ただ、背中の大きさが合うかどうかでかなり背負い心地は変わると思う。背面長が合わないと肩にだけ荷重がかかる恐れがあるので、万人には合わないかもしれない。

 

ポケットは3ヶ所付いている。雨蓋の裏と表に1つずつ、雨蓋の下の本体に1つ(1枚目の写真でピッケルと装着している先あたり)。雨蓋の表側はコの字型に開くジッパーで物が取り出しやすかった。開けっ放しにすると落としやすいとも言える。

本体のポケットにはレインカバーを入れてみたが、内部に入れたものが飛び出すのであまり使えない。せいぜい手ぬぐいなどの厚みのないものを入れるべきだろう。

ちょっと改善してほしいのはピッケルやストックを付けるゴム紐。毎度感じるのだが、ゴム紐ではブラブラする恐れがある。そこまで軽量化しなくてもと感じるのは私だけだろうか。
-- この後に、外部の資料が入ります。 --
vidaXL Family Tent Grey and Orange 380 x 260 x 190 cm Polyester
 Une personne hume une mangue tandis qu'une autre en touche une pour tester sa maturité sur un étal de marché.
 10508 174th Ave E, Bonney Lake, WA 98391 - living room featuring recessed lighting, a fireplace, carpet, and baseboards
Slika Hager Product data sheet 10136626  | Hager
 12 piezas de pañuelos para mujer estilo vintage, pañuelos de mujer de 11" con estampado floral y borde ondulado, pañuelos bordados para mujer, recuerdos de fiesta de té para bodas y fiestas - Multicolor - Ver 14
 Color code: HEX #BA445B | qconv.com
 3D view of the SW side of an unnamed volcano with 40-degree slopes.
あとはサイドのナイロンベルトがやや短い。THERMARESTのマット(ショートサイズ)がギリギリ挟める程度なので、レギュラーサイズは無理。エアマットを使えということか。

 

いずれにしてもなかなか良かった。もうちょっとパッキングを考えればより使い勝手がよくなるだろう。というのだが、これは借り物なのだ。